Previous: Regexp Summary, Up: Regexps [Contents][Index]
The syntax and semantics of PCRE regular expressions, as used in Monotone, are described in detail below. Regular expressions in general are covered in a number of books, some of which have copious examples. Jeffrey Friedl’s “Mastering Regular Expressions,” published by O’Reilly, covers regular expressions in great detail. This description is intended as reference material.
A regular expression is a pattern that is matched against a subject string from left to right. Most characters stand for themselves in a pattern, and match the corresponding characters in the subject. As a trivial example, the pattern
The quick brown fox
matches a portion of a subject string that is identical to itself.
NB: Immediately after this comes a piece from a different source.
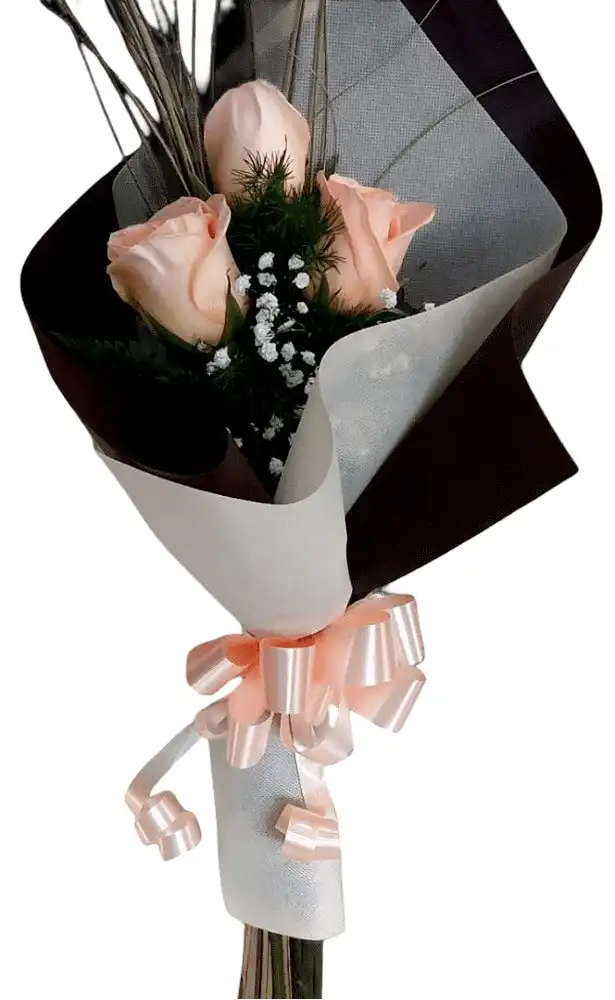 Ramo De 3 Rosas Beige Ramo De 3 Rosas Beige - Imagen 1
When caseless matching is specified, letters are matched independently of case.
The power of regular expressions comes from the ability to include alternatives and repetitions in the pattern. These are encoded in the pattern by the use of metacharacters, which do not stand for themselves but instead are interpreted in some special way.
There are two different sets of metacharacters: those that are recognized anywhere in the pattern except within square brackets, and those that are recognized within square brackets. Outside square brackets, the metacharacters are as follows:
\general escape character with several uses
^assert start of string (or line, in multiline mode)
$assert end of string (or line, in multiline mode)
.match any character except newline (by default)
[start character class definition
|start of alternative branch
(start subpattern
)end subpattern
?extends the meaning of ‘(’ also 0 or 1 quantifier also quantifier minimizer
*0 or more quantifier
+1 or more quantifier also “possessive quantifier”
{start min/max quantifier
Part of a pattern that is in square brackets is called a "character class". In a character class the only metacharacters are:
\general escape character
^negate the class, but only if the first character
-indicates character range
[POSIX character class (only if followed by POSIX syntax)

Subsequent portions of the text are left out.